Я иду быстро, насколько хватает сил. Почти бегу. Но потом, некоторое время спустя, извозчик догоняет меня и пытается ехать со мной вровень. Мужчина выглядывает из кареты. У него другое выражение лица.
— Прошу прощения, — говорит он. — Садитесь. Прошу прощения. Пожалуйста, садитесь. Я отведу вас к вашему знакомому, клянусь. — Он показывает мне монету. — Я дам вам это. Садитесь. Не надо вам на Холиуэлл-стрит, там плохие люди, не то что я. Садитесь скорей, я же знаю, что вы леди. Садитесь, я буду любезен с вами...
Так он уговаривает меня чуть не до середины моста, но к этому времени за экипажем выстраивается длинная очередь, и извозчик кричит, что ему надо двигаться, и мужчина откидывается на сиденье и со стуком закрывает окно. Извозчик прибавляет ходу, карета скрывается из виду. Я перевожу дух. Меня всю трясет. Надо бы остановиться, отдохнуть, но нет, сейчас не время. Вот и мост позади, тут дорога выводит на другую улицу, еще более оживленную, чем на южном берегу, но меня тут никто не узнает, хоть на том спасибо. Правда, толпа тут — это что-то невероятное. Но все равно, все равно надо идти вперед, и я протискиваюсь сквозь толпу. Вперед. На запад, как подсказал извозчик.
Улица опять изменила облик. Вдоль нее выстроились здания с выступающими вперед окнами — должно быть, лавки, соображаю я наконец, потому что в них выставлены всякие товары, к ним прикреплены таблички с ценами. Тут хлеб, там лекарства. А вот перчатки. А там туфли и шляпки. Мне бы немножко денег! Я вспоминаю монетку, которой помахивал передо мной мужчина, высовываясь из окна кареты, — надо бы мне тогда схватить ее и убежать! Но что толку теперь вспоминать. Не важно. Иди, не останавливайся. Вот церковь, она разделяет улицу надвое — так устой моста разделяет русло реки на два рукава. Куда дальше — по правому или по левому? Мимо проходит женщина, голова у нее, как и у меня, непокрыта — хватаю ее за рукав и спрашиваю дорогу. Она тычет пальцем и, как все остальные, к кому я обращалась, долго потом стоит и смотрит мне вслед.
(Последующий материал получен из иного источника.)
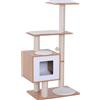 Easycomfort Tiragraffi Gatto Altezza 120cm con Cuccia Piattaforme e Giochi Sisal, MDF 71.5x49.5x120cm legno, bianco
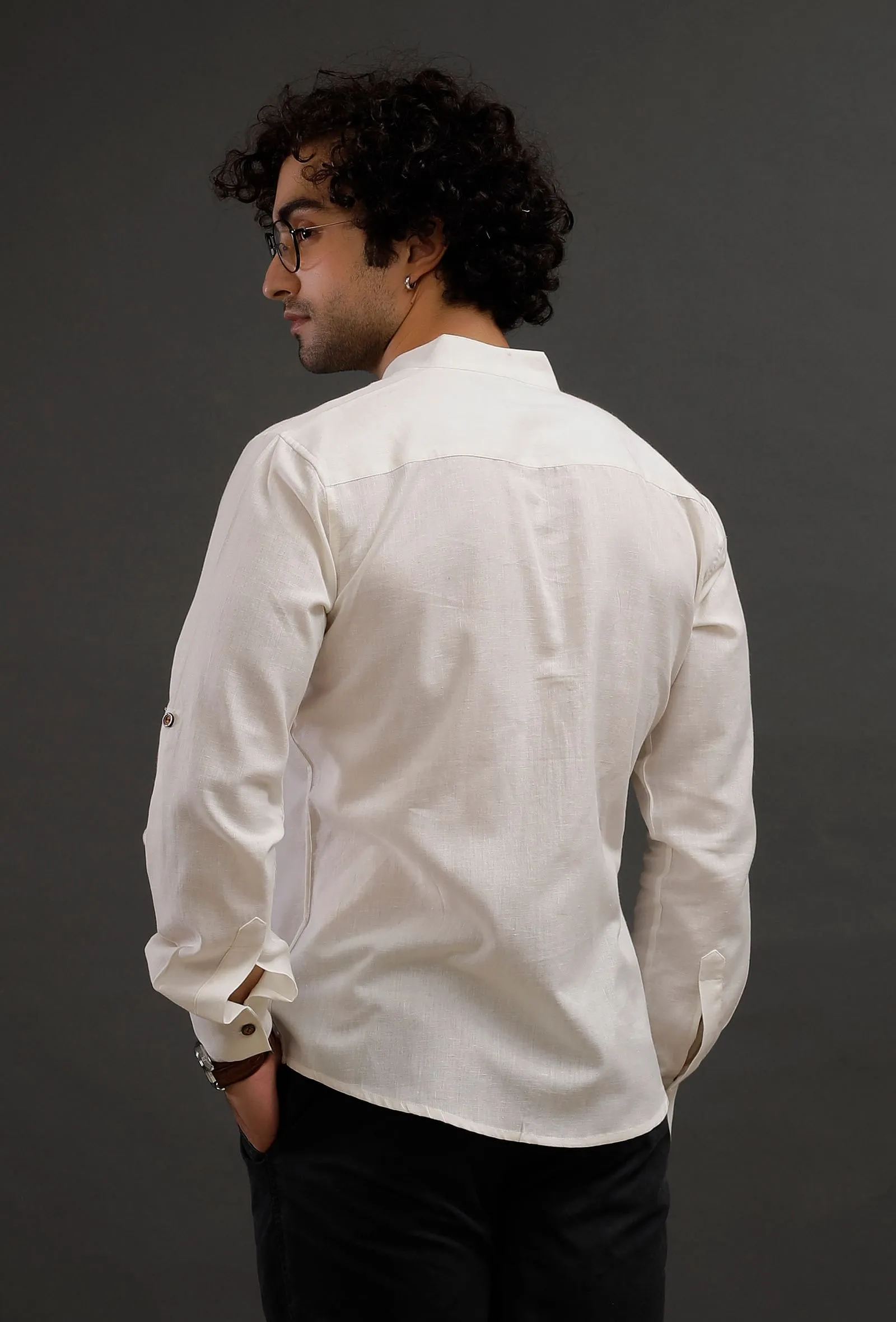 Sepia White Cotton Slim Fit Shirt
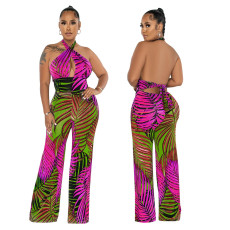 SC Sexy Backless Lace-Up Printed Jumpsuit YF-10417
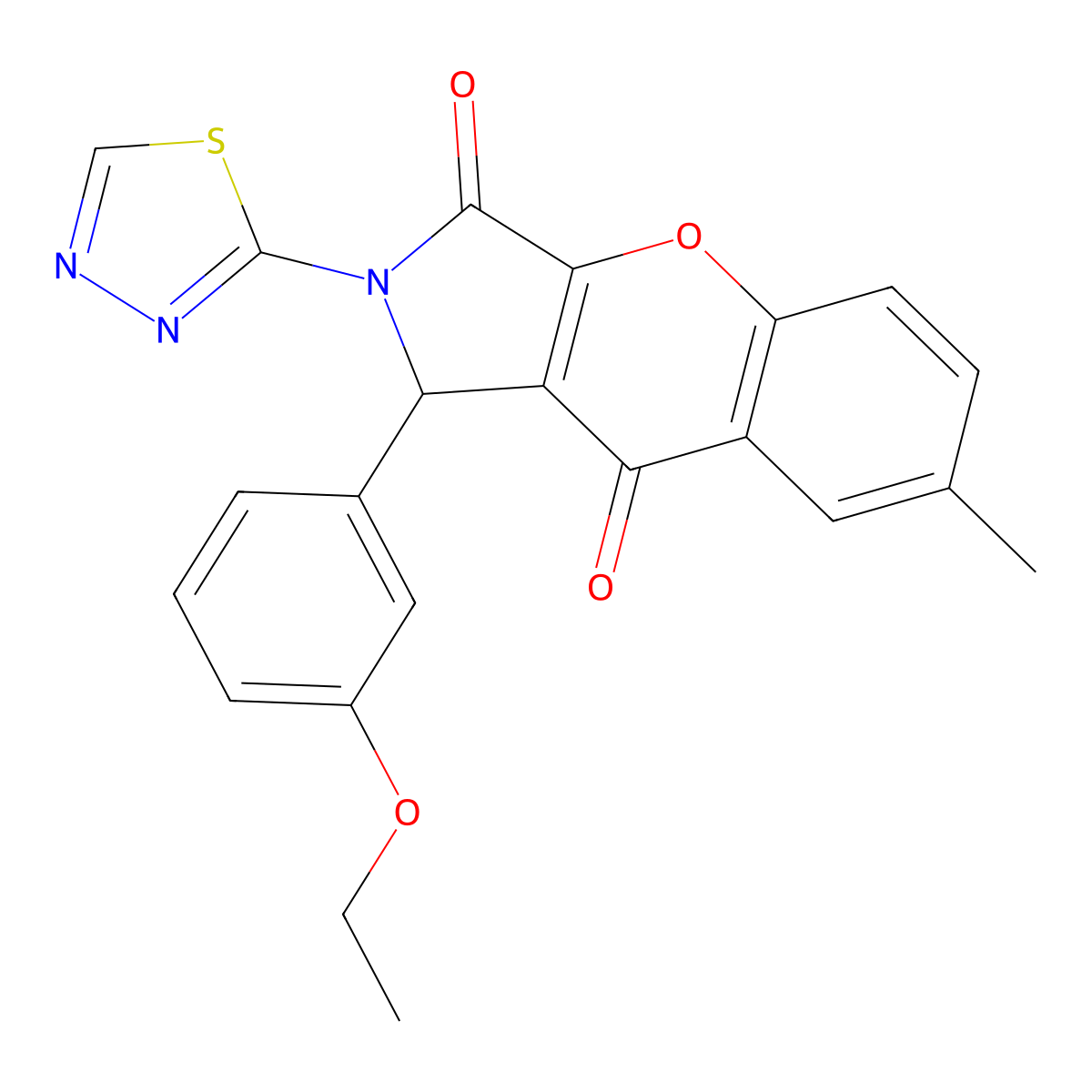 1-(3-Ethoxyphenyl)-7-methyl-2-(1,3,4-thiadiazol-2-yl)-1,2-dihydrochromeno[2,3-c]pyrrole-3,9-dione molecular structure, CAS 632307-92-7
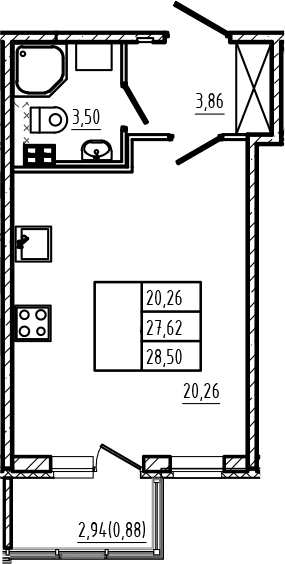 Планировка: Студия 27,6 м² в ЖК «Новая история»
Но вот наконец и Холиуэлл-стрит! Но теперь я почему-то сбавляю шаг, меня охватывает сомнение. Разве такой я себе ее представляла? Скорее всего, другой — не такой узкой, не такой кривой и темной. Лондонский день еще в самом разгаре, солнце еще высоко, однако, свернув на Холиуэлл-стрит, я словно шагнула в полумрак. Но, в конце концов, это мне только на руку: не буду выделяться из толпы. Иду дальше. Улица становится все уже. Теперь под ногами лишь пыль, грязь и рытвины. По обеим сторонам от меня — освещенные лавки: перед одной вывешено рядами какое-то рванье, перед соседними навалены кучей сломанные стулья, рамы без картин или витражные стекла, однако чаще всего попадаются книжные лавки. Когда я вижу одну такую, я опять замираю в нерешительности. Я не держала в руках ни одной книги с тех самых пор, как бежала из «Терновника», и вот теперь, вновь увидев их, да еще в таком количестве (они то разложены ровными рядами, титулом вверх, как буханки на подносе, то навалены грудой, рваные, в пятнах, с выцветшими корешками, — с надписью: «2 пенса», «3 пенса», «Этот ящик — 1 шиллинг»), я почему-то разволновалась. Я останавливаюсь и смотрю, как мужчина роется в ящике с книгами без переплетов и достает одну. «Любовная ловушка». Я знаю ее, я столько раз читала ее своему дяде, что выучила чуть не наизусть!